Josh's dad, Ralph, agrees. Cage fighting has made Josh determined to succeed. "I've always told him that school's like that," like being in a cage.

When class begins, Paules orders the seniors to pull out their copies of James Madison's Federalist No. 10. He peppers them with questions about Madison's prose, about factions at odds, about a young country finding its way.

Friends walk by outside, and Josh rises up, waves at them with both hands.

"Hey, focus on me." Paules barely misses a beat in his talk about liberty and control. How do you keep factions from creating chaos without eliminating freedom?

"You could eliminate the people," Josh jokes, his voice barely audible.

"Hey, sober up."

Josh strokes his chin. He opens his bottle and begins to drink. In 10 minutes, he has gulped a liter of water; in 15, the bottle is empty. He has to drink a lot of water to stay fit for the cage. He has to eat six or seven times a day to keep his weight steady. Sometimes he has to cut weight before a match, eating next to nothing for a day or two and running on a treadmill until he sweats the pounds away. That's the worst part of fighting, he says.

Questions on Madison's essay keep coming. Josh has an answer: Veto means "I forbid." This time, his voice is clear. He knows he's right. Paules nods. Josh beams for just a second.

During the lesson, most of the students' eyes are focused on The Federalist or on their notebooks.
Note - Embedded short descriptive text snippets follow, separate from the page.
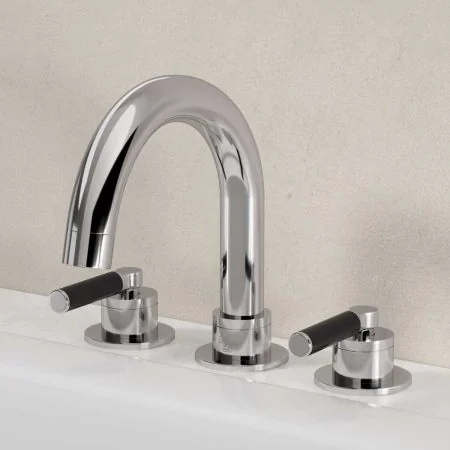 Bayor Deck Mounted 3 Hole Bath Filler - Black Lever - Chrome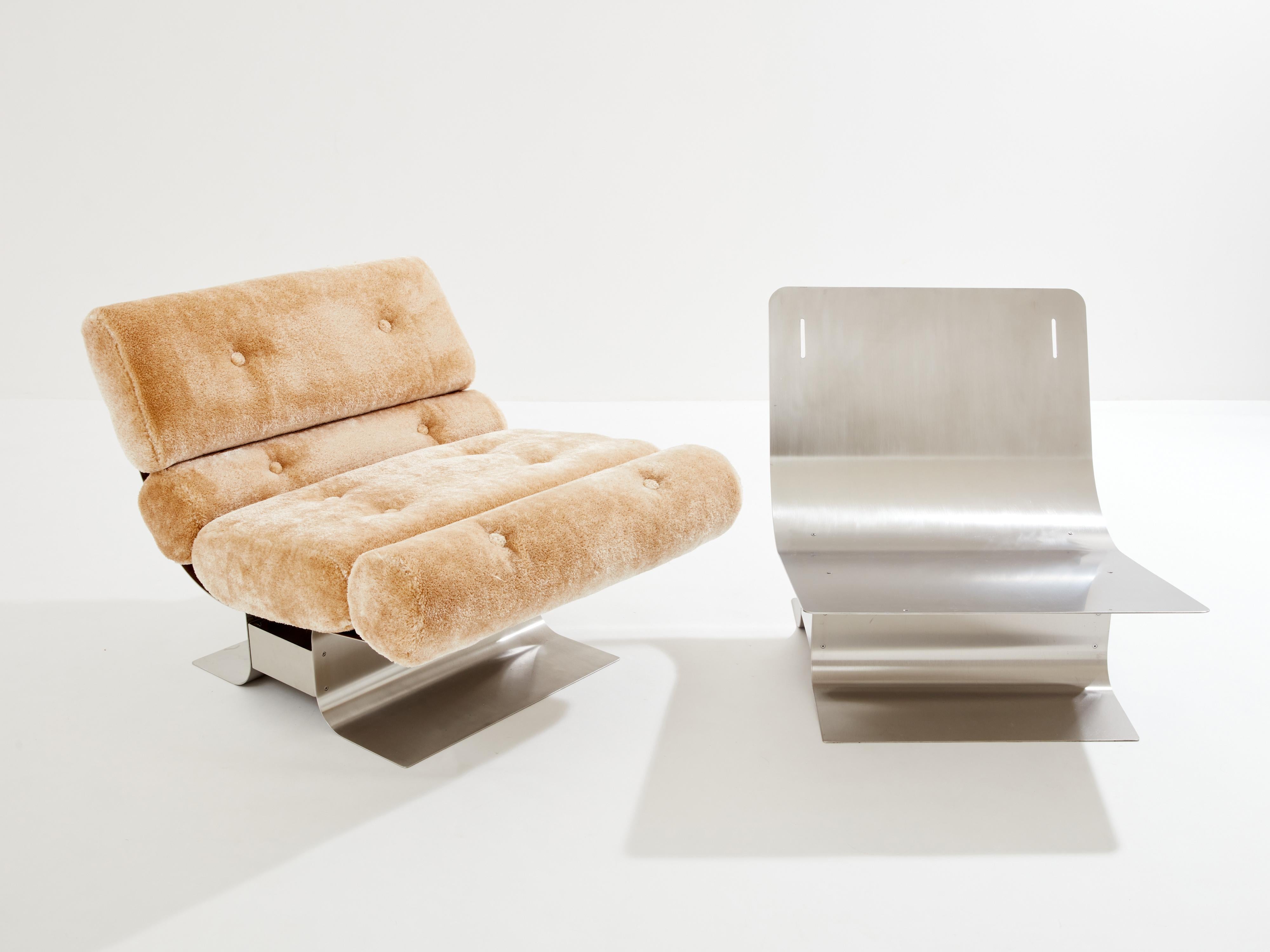 Late 20th Century François Monnet for Kappa steel mohair velvet armchairs 1970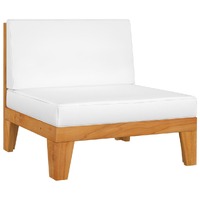  Sectional Middle Sofa &amp; Cream White Cushions Solid Acacia Wood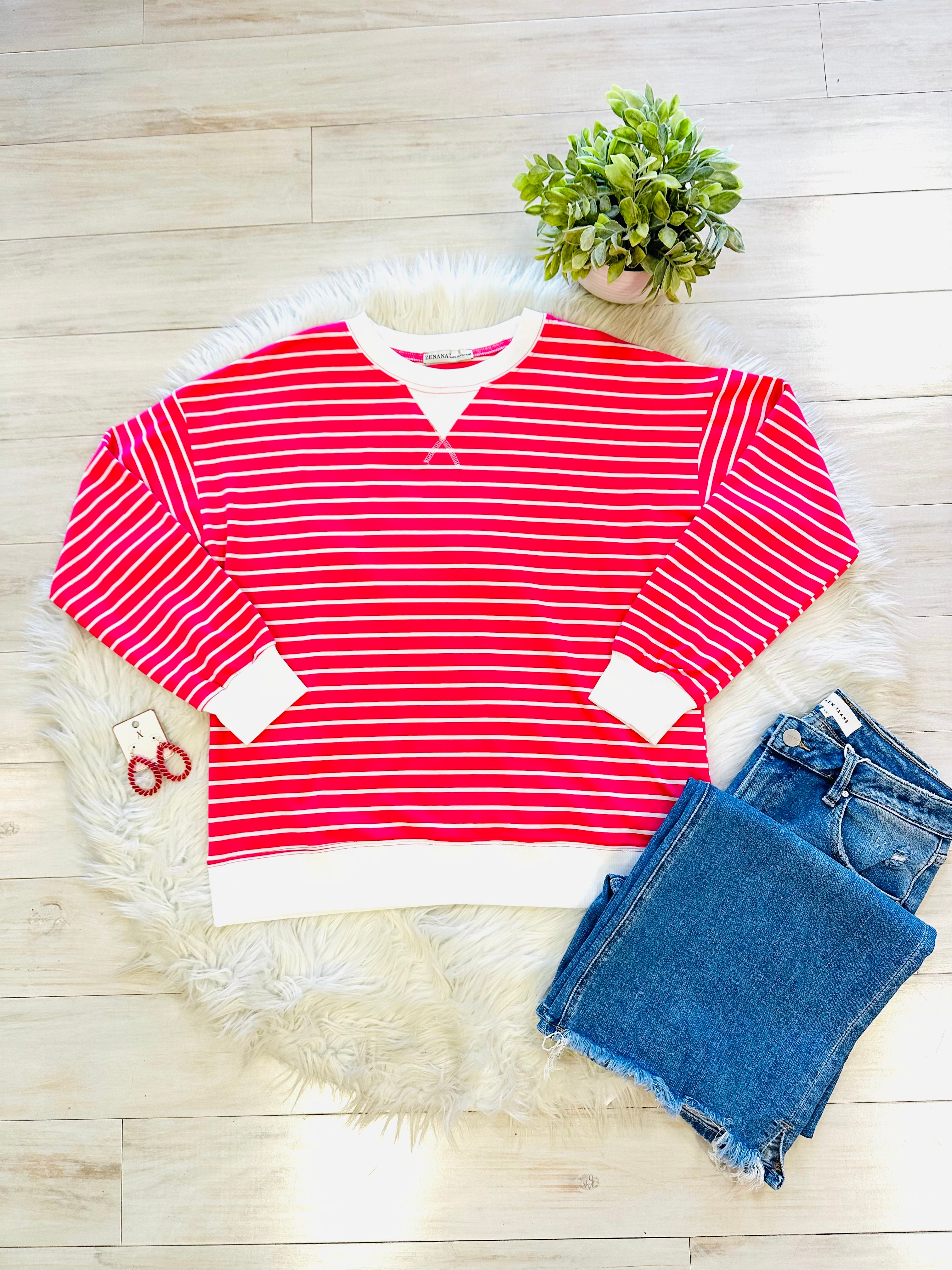 Women’s Zenana Hot Pink Striped Long Sleeve Top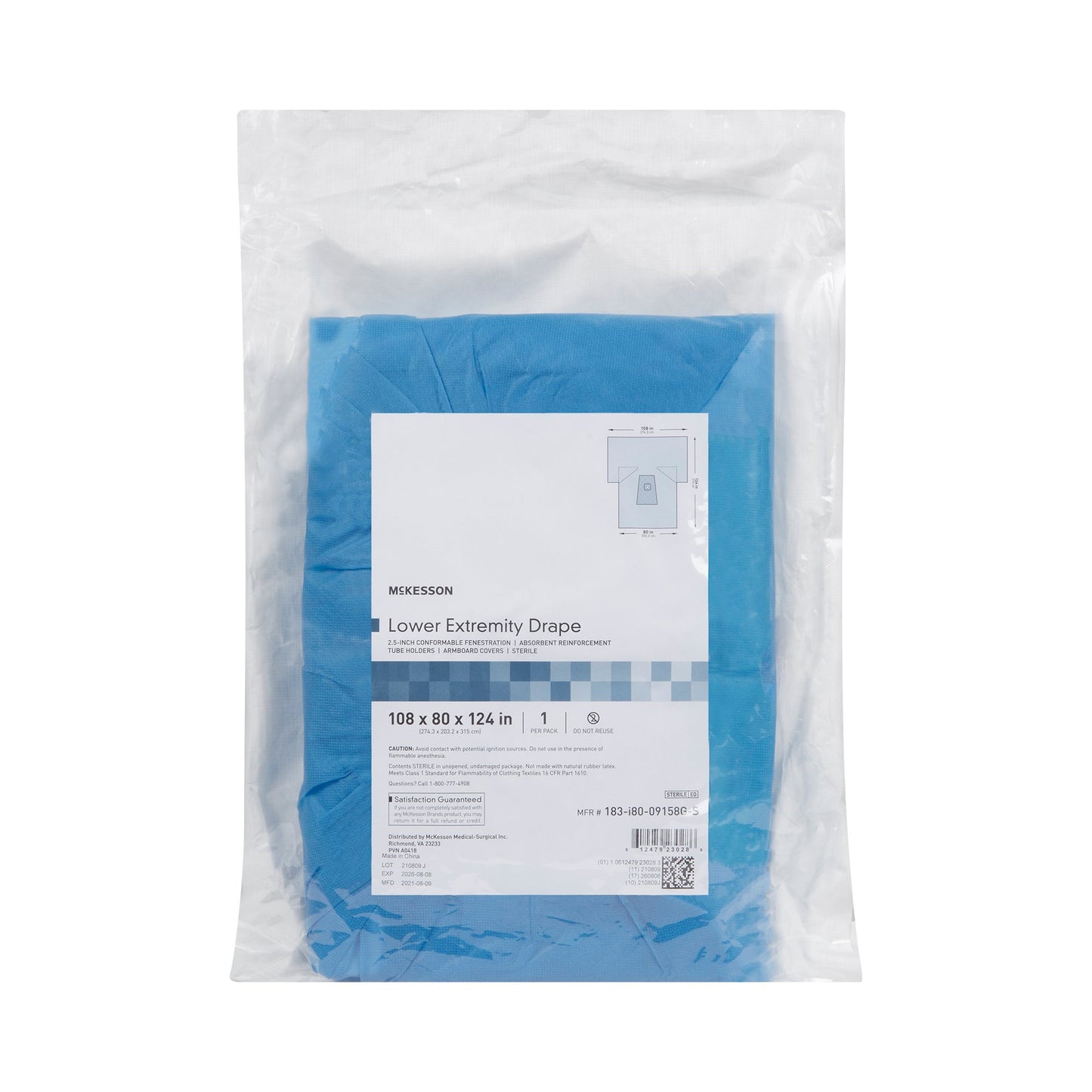 DRAPE, SURG ORTHO LOWER EXTREMW/ABS 108"X80"X124" (10/CS)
Josh has no notebook. He admits he doesn't like to study. But he's going to be at the College of Santa Fe's Greer Garson Theatre today to accept his diploma. His eyes stay focused on Paules.

Paules has known Josh for six years. "We've knocked heads for four," he said a few minutes before the government and economics class began, when students were still milling around on the school's outdoor walkway or down below, in the sparse field overlooking Rancho Viejo's rolling hills. Sometimes, Paules said, Josh's behavior was so bad, the two nearly came to blows.
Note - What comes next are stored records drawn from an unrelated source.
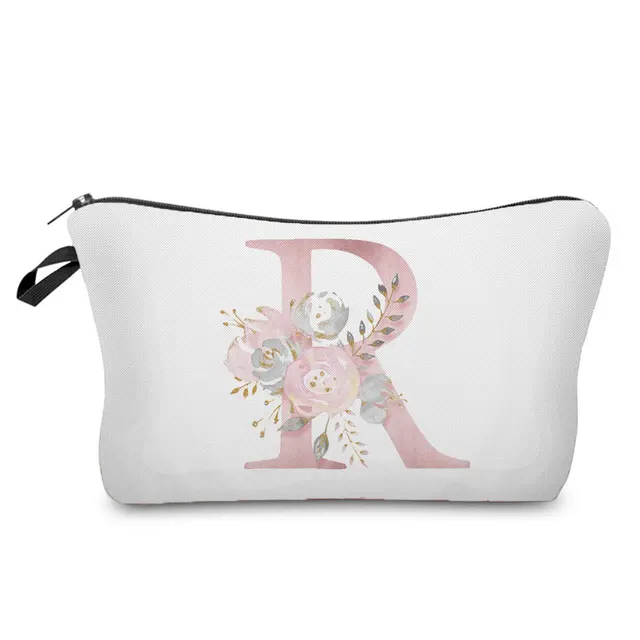Flowers Alphabet Printed Cosmetic Bags  Bridal Party Make Up Bags Pouch Necessaries Lady Tote Bride Bridesmaid Proposal Gift hz2414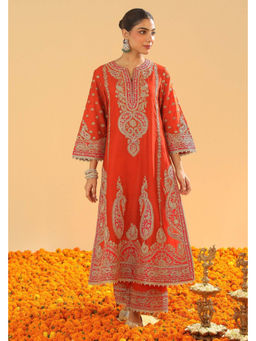 Sheetal Batra - Misam - Burnt Orange Long A-Line Kurta with Palazzo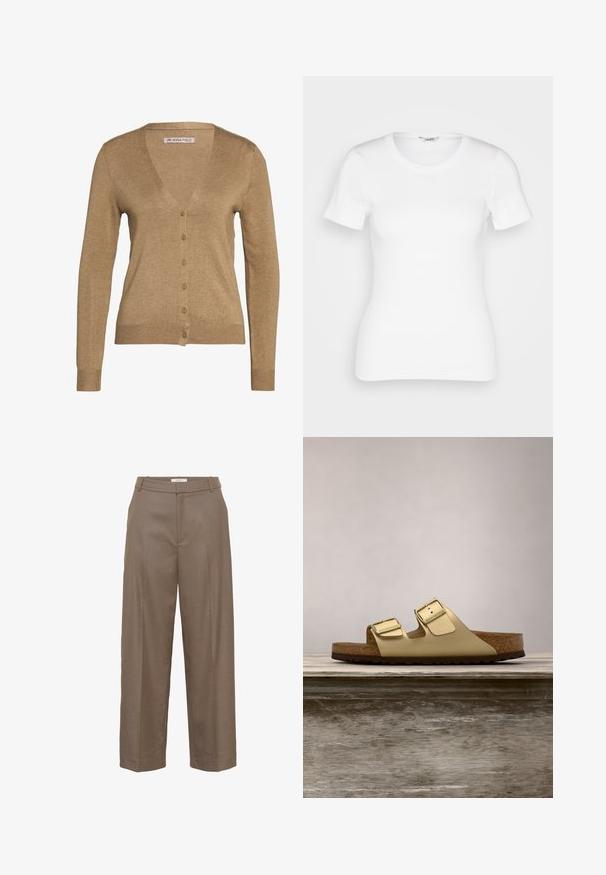 Cardigan marron en tissu doux, avec un col en V, des manches longues et six boutons devant. Design simple avec des poignets et un ourlet à côtes.; T-shirt en coton blanc avec des manches courtes, un col rond et une texture côtelée. Design ajusté avec une finition lisse et nette.; Pantalon marron sur mesure avec une coupe droite, devant plissé et passants pour ceinture. Confectionné dans un tissu texturé avec un léger brillant.; Sandales en cuir vegan doré avec deux brides réglables, bride en liège et semelle en caoutchouc noir. Texture lisse avec finition métallique.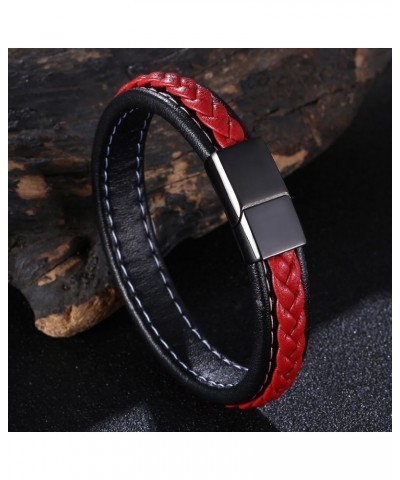 Personalized Black Braided Leather Medical Alert Bracelet for Men Engravable Medical Emergency Bracelet with Magnetic Clasp C...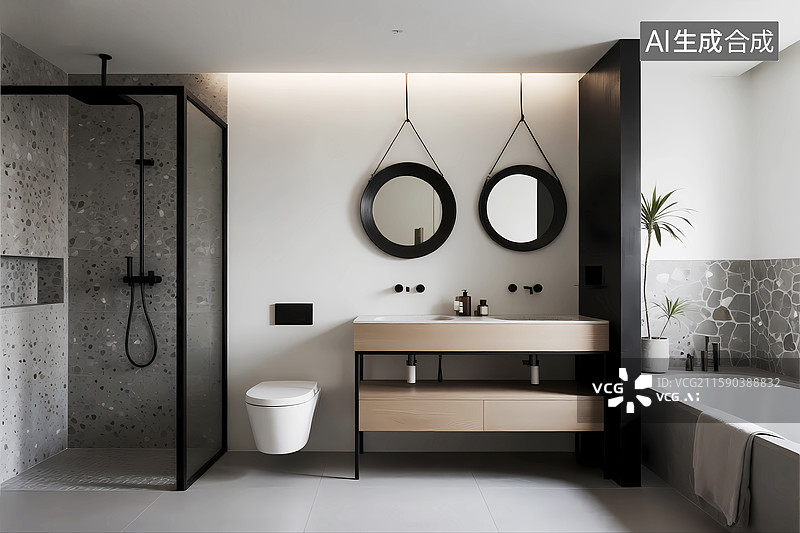 【AI数字艺术】高档奢华浴室卫生间浴缸热水器场景图片素材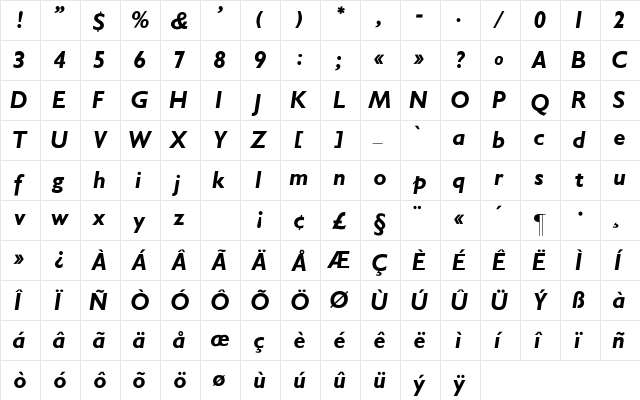 Gill_Sans-BoldItalic Regular  glyph index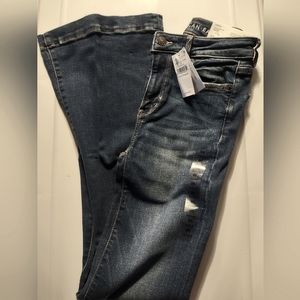 American Eagle 24 W Super Hi-rise Flare Jeans Standard Stretch Dark Rinse Pants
Then one day a couple of years ago, Josh apologized. "He realized that in fact I was on his side." Since then, Paules said, "Josh has put in a fourth-quarter effort." His graduation is a victory.

"Democracy is a messy business," Paules says as he grills the seniors about factions at odds with one another. "Human beings naturally will fight."

Josh says fighting saved him. "I was a troublemaker. I loved to do wrong." He started drinking and messing around with drugs. "Fighting was like an angel. It's kind of weird to say, but that's how I feel."

He's been training with Tait Fletcher at Undisputed Fitness for his next fight Saturday in Cortez, Colo. After school, he meets Tait and a sparring partner, Isaac Vallie-Flagg, another professional fighter, at Undisputed's new studio in Solana Center. It opened a few days ago, Tait says. They haven't finished installing the lights, but the new black mats are down, and the cage is up.

Josh and Isaac step in, begin warming up. They stretch. They jog a few laps around the black chain-link fence. And then they meet in the middle. They start with a round of takedowns. Josh dives for the knees; Isaac goes down. Isaac rises, grabs Josh around both legs, swings him around and down. Josh gets up, dives for the ankles. Isaac grabs him around the waist, lays him down flat. Josh launches into a dozen takedowns. He lunges for the waist, then the knees, then the ankles.

Isaac is a couple inches taller and much bulkier than Josh. The 30-year-old fights at 175 pounds, but now he's at least 185. He doesn't go down easy. When it's his turn to take down, he works quick.

By the end, both fighters' faces are flushed, sweaty. They're breathing hard and hitting harder.

"To be a good mixed martial artist, you have to be a triathlete," Tait says. Fighters use a variety of techniques: Jiu-Jitsu, boxing, kickboxing. A match is like a chess game, Tait says: You have to feel out where your opponent is weak and where he is strong. You have to know your own strengths.

Josh dreams of becoming a world champion cage fighter, but he knows it will be a battle. "If being a champion were easy," he says, "everybody would be one."